**Problem requirements**
Down to the last line, set down the material below exactly; skip the pictures.

BEGIN Source material

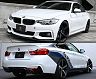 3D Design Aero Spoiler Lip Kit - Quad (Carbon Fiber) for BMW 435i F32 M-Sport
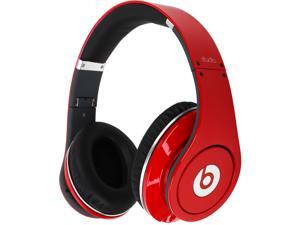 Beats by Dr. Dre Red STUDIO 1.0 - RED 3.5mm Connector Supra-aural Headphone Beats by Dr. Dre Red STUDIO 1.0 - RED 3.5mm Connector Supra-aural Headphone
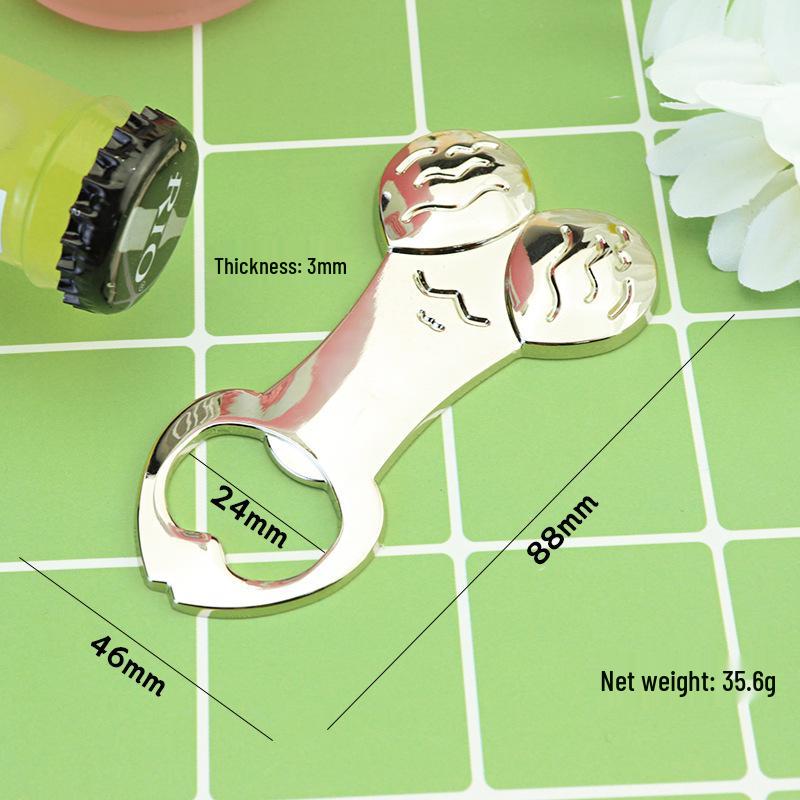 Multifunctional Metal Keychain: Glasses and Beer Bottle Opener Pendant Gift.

END Source material

**Solution below**
 3D Design Aero Spoiler Lip Kit - Quad (Carbon Fiber) for BMW 435i F32 M-Sport
 Beats by Dr. Dre Red STUDIO 1.0 - RED 3.5mm Connector Supra-aural Headphone Beats by Dr. Dre Red STUDIO 1.0 - RED 3.5mm Connector Supra-aural Headphone
 Multifunctional Metal Keychain: Glasses and Beer Bottle Opener Pendant Gift.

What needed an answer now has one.